Tuttavia, l’accordo con l’Europa è stato raggiunto ricorrendo al solito bizantinismo: “il prezzo della garanzia è di mercato” (così il comunicatoCollegamento esterno del MEF). Peccato che questo mercato non esiste. Anzi, il provvedimento in gestazione dovrebbe, nelle intenzioni delle autorità, contribuire a fare nascere un mercato delle sofferenze bancarie attualmente inesistente. E se non esiste il mercato delle sofferenze, in particolare dei titoli ABS aventi come sottostante le sofferenze, non può esistere neanche un mercato delle garanzie sul rischio di quei titoli. Ecco perché l’accordo prevede che si vadano a prendere “come riferimento i prezzi dei CDS degli emittenti italiani con un livello di rischio corrispondente a quello dei titoli garantiti”. I Credit Default Swaps sono contratti di assicurazione sul rischio di credito, quindi sembrerebbero strumenti adatti allo scopo. Ma chi deciderà quali emittenti prendere come riferimento? È probabile che la trattativa con l’Europa non sia terminata, ma continui a livello tecnico sui dettagli che risulteranno determinanti per stabilire il prezzo della garanzia.
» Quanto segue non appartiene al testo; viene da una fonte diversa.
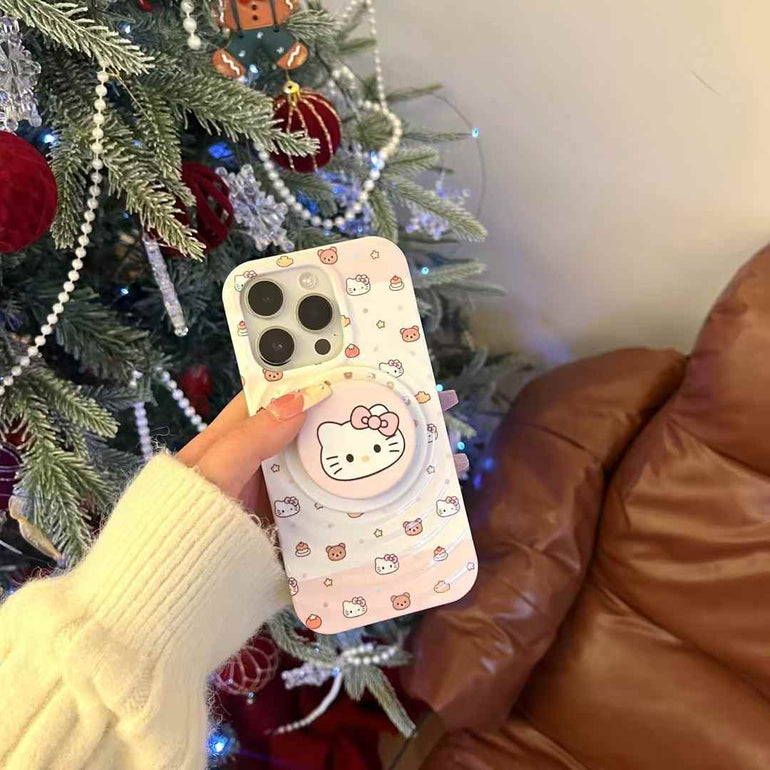 Kitty And Bear Ripple Case For iPhone With Kitty Magsafe Holder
Un altro limite dell’accordo nasce dal fatto che la garanzia statale potrà essere concessa solo sulla tranche senior delle obbligazioni. Questa è la “fetta” di obbligazioni che ha diritto alla precedenza nel rimborso: l’altra fetta, cosiddetta junior, può essere rimborsata solo dopo che i creditori senior sono stati ripagati. Quindi la tranche senior è quella più sicura. Ma questa limitazione solleva un interrogativo: chi comprerà le tranche junior? È vero che qualche fondo speculativo disposto ad acquistarle si troverà, ma questo vorrà spuntare un prezzo molto basso: sarà disposto a prendersi un alto rischio solo in cambio di un elevato rendimento atteso. Ma allora le banche potrebbero avere poca convenienza a fare queste operazioni di cartolarizzazione, perché facendole sarebbero costrette a svendere le sofferenze e a contabilizzare perdite immediate in bilancio; meglio tenersi i prestiti e sperare di recuperare qualcosa. Quindi lo strumento appena introdotto rischia di restare in larga misura inutilizzato.
Un accordo di facciata
Questo pasticcio nasce da una contraddizione di fondo tra due obiettivi in contrasto tra di loro: quello di agevolare la vendita sul mercato delle sofferenze bancarie, grazie alla garanzia statale, e quello di evitare che tale garanzia sia un aiuto di Stato. È la classica “moglie ubriaca e botte piena”. L’intervento statale avrebbe avuto senso solo se fosse stato possibile concedere la garanzia ad un prezzo agevolato; oppure nel caso di una “bad bank di sistema”, cioè di una società-veicolo unica in cui concentrare tutte le sofferenze accumulate dal sistema bancario italiano. In questi due casi lo Stato avrebbe svolto una funzione che un soggetto privato non avrebbe potuto o voluto svolgere. Ma a queste condizioni, dove ogni banca fa da sé e la garanzia statale è a “prezzi di mercato”, a cosa serve l’intervento dello Stato? Forse serve solo a dire che il governo ha mantenuto la sua promessa di risolvere il problema delle sofferenze bancarie, e che la Commissione UE non è poi così cattiva come qualcuno vuole fare credere (soprattutto dopo il “salvataggio” delle quattro banche regionali). Insomma, il classico accordo fatto per salvare la faccia a tutti.